The Guitar Hero: On Tour series is an expansion of the Guitar Hero series for the Nintendo DS portable console. The series is developed by Vicarious Visions and published by RedOctane and Activision.  The game uses a "Guitar Grip" hardware unit that fits into the Game Boy Advance slot on the DS or DS Lite to recreate the experience of the console-based guitar controllers normally used with the game; this unit is incompatible with the Nintendo DSi and Nintendo 3DS due to the lack of the slot on the DSi hardware. The player uses fret buttons on the Grip while "strumming" using a stylus across the DS touchscreen to try to match notes as they scroll on the second screen in order to score points and complete each song.

There are three titles in the series: Guitar Hero: On Tour, Guitar Hero On Tour: Decades, and Guitar Hero On Tour: Modern Hits.  Each game features a setlist with more than 25 songs, most based on master recordings.
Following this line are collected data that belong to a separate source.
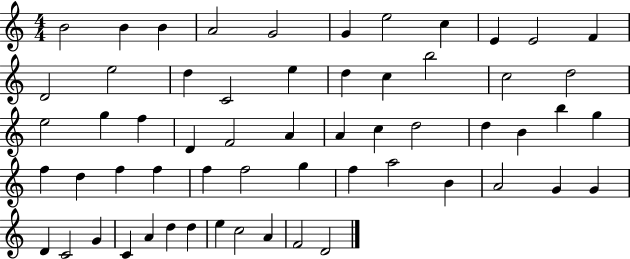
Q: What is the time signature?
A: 4/4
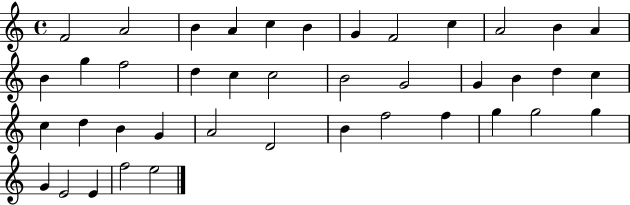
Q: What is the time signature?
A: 4/4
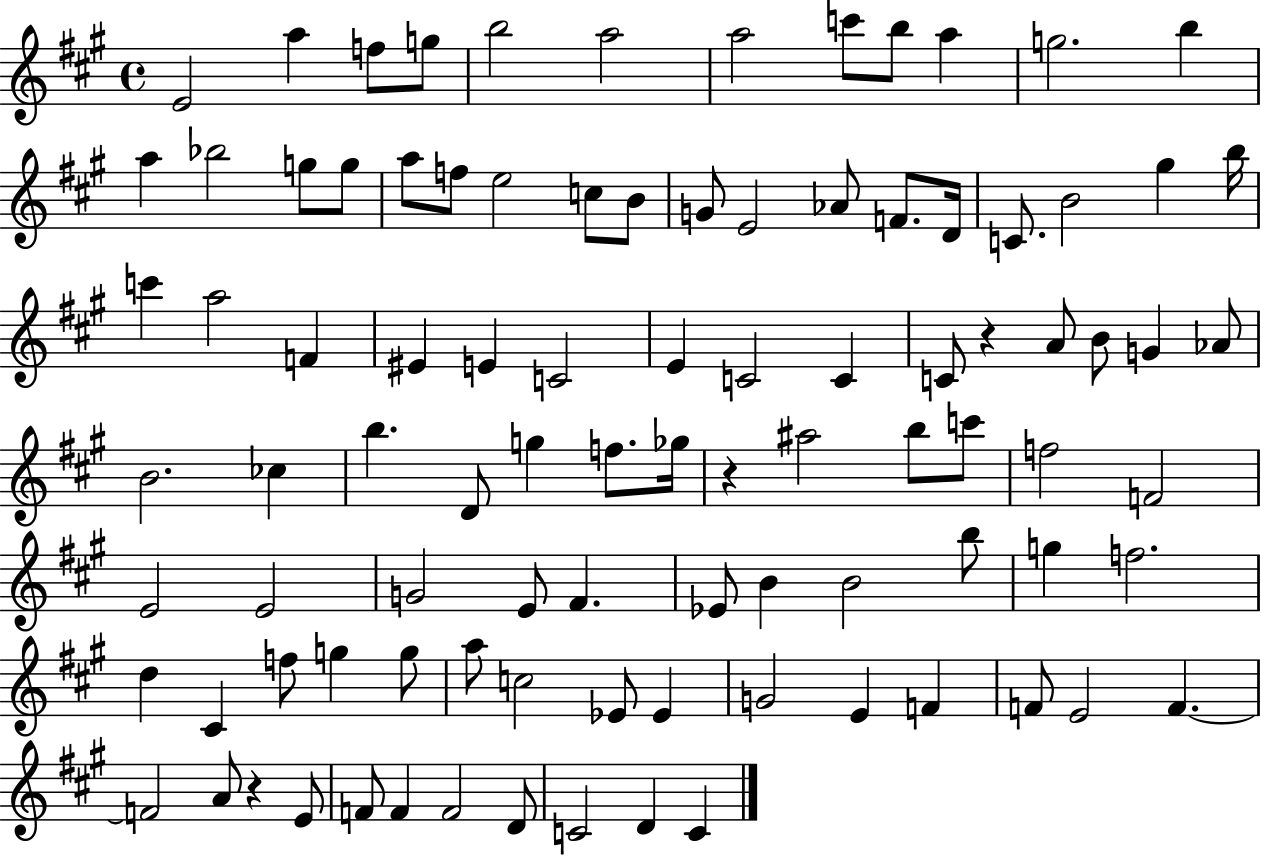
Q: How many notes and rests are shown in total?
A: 95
The games utilize the DS's local wireless features to allow two players to compete against each other. Players can compete using different versions of the games, allowing the songs of each game to be shared during play.  The songs chosen in the setlists of all three games have significantly less objectionable content than the ones in mainstream console Guitar Hero titles, making the On Tour series the first and only games in the series to be rated Everyone 10+ by the ESRB.

Guitar Hero: On Tour setlist
Guitar Hero: On Tour features two different setlists, one for primarily English-speaking regions including North America, the British Isles, and Australia, in addition to Japan and the Netherlands, and another for other non-English-speaking European countries, with five replacement songs; songs not in the game for that region are marked as "N/A" in the table below. Both setlists include 26 licensed tracks including five bonus tracks, with about 85% of them being master recordings; all other songs are cover versions recreated for the game.  Twenty songs from the North American setlist were exclusive to this version of Guitar Hero upon release while the remaining six songs have been used throughout the series. Freezepops "I Am Not Your Gameboy" is a bonus song that is unlocked by completing all the Guitar Duels on any difficulty in the game. Years in the table below reflect the year the song was recorded. Song in the game are presented as a series of tiers of increasing difficulty, requiring the player to complete the songs in each tier before the next tier is unlocked.

The setlist received a lukewarm reception. Game Informer stated that, compared to the setlists for other Guitar Hero games, the songs "skew away from great guitar rock and into the territory of pop/rock", and "just aren't as exciting to play". IGN commented that the setlist was "a little debatable" and "clearly being aimed at a friendlier, mainstream, pop-friendly crowd".

Guitar Hero On Tour: Decades setlist
Decades'''s setlist is considered "a trek through time" by IGN, featuring sets of five songs out of a total of twenty-eight tracks. Each set focuses on a specific era of rock music, including two called "2000s" and "Modern".  Each set has a specialized venue for the era. Once all the songs in the set are completed, the player is presented with a final encore song for that set while also unlocking the next set. Additional bonus tracks are unlocked for completing specific requirements in the game. All songs are master recordings as opposed to cover versions used in the previous game. The full setlist for the game is listed below.  The setlists are different for the North American, UK, and European releases. Seven songs in each are exclusive to the respective versions, and are listed as "N/A" when not available for that region's release.

The Decades setlist was considered to be an improvement over the original On Tour, with more songs that would be "much more appealing to fans" of the console versions of Guitar Hero". IGN felt that the setlist "starts out bad but starts getting more enjoyable as you unlock the earlier decades".

Guitar Hero On Tour: Modern Hits setlistModern Hitss setlist features songs released since 2000.  The full setlist features 28 songs, all based on master recordings. Like the previous game in the series, On Tour: Decades, the set list is different for the North American, UK, and European releases with twelve exclusive tracks in each of the respective versions (the European release has eight exclusive tracks that are the same as the UK version and four other tracks from Europe).

The Modern Hits'' setlist is said to cover "guitar-heavy hits from the past five years" with "plenty of noteworthy songs", and considered to be a "compelling blend of tracks".